WHAT TO WORK ON: From the line with "Floral Printed V-Neck" to the line with "MCAT application deadline", output every line below exactly, both ends included. Skip the pictures.

THE RECORDS:
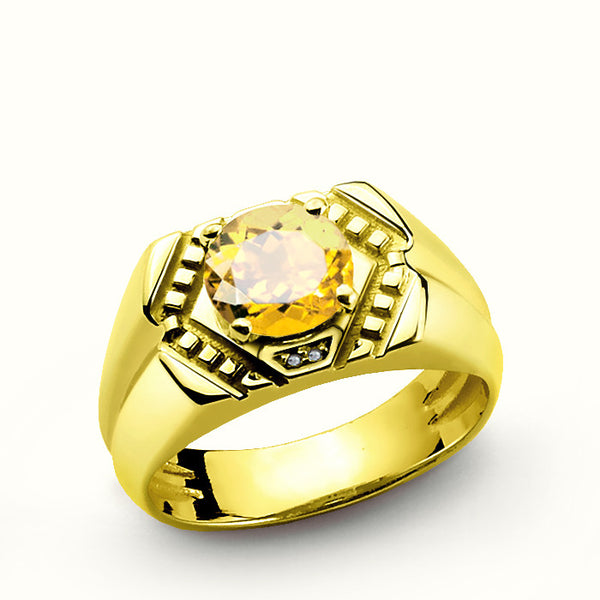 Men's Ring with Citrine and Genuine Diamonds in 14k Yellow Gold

...

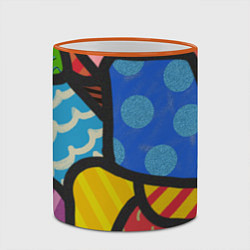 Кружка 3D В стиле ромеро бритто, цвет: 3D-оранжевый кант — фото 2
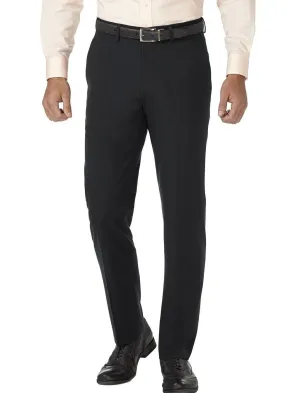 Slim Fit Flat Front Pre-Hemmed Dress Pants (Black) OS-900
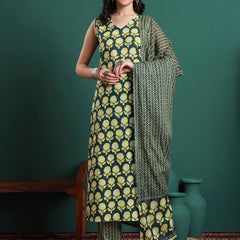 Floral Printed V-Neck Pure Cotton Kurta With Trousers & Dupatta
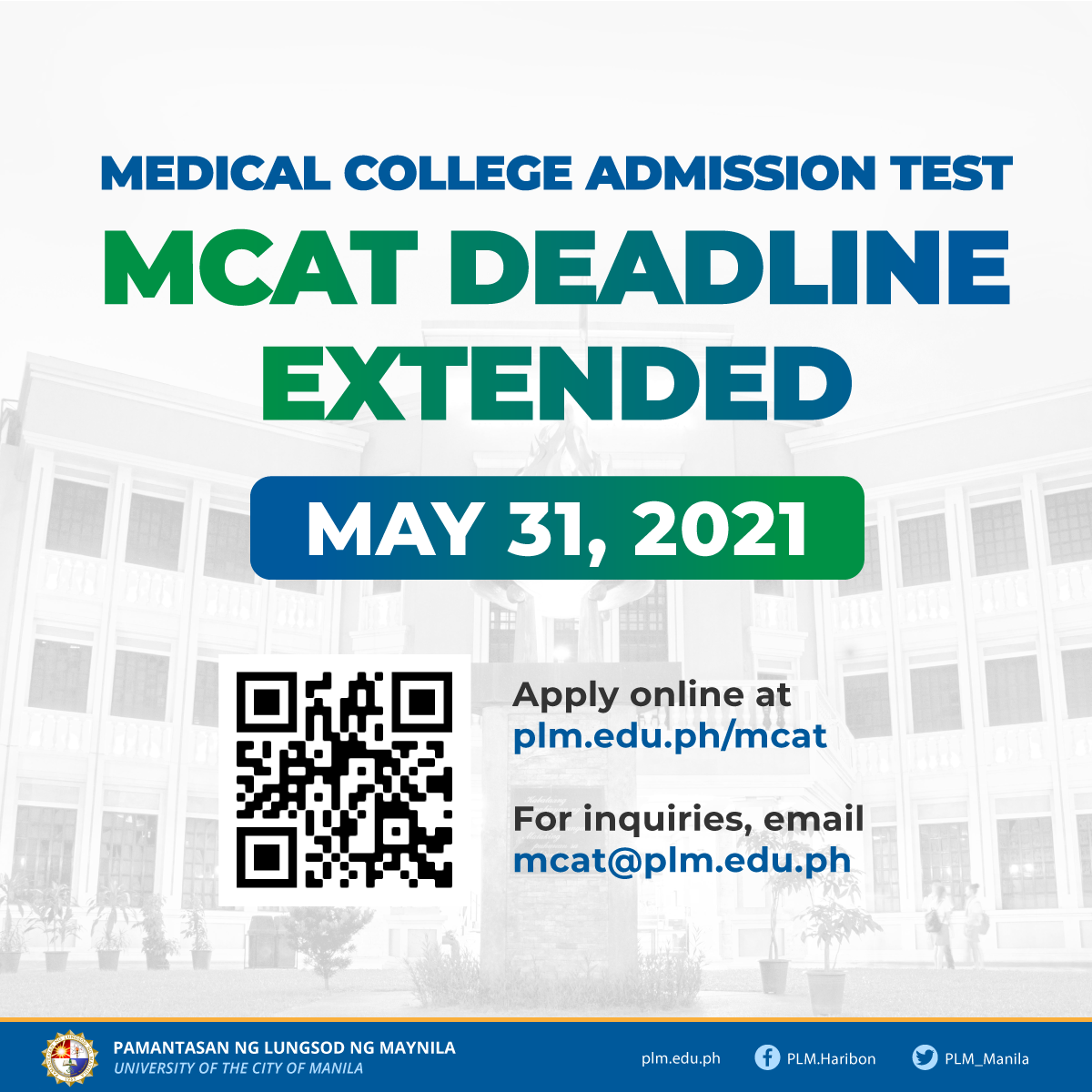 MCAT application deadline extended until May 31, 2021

REPLY:
 Floral Printed V-Neck Pure Cotton Kurta With Trousers & Dupatta
 MCAT application deadline extended until May 31, 2021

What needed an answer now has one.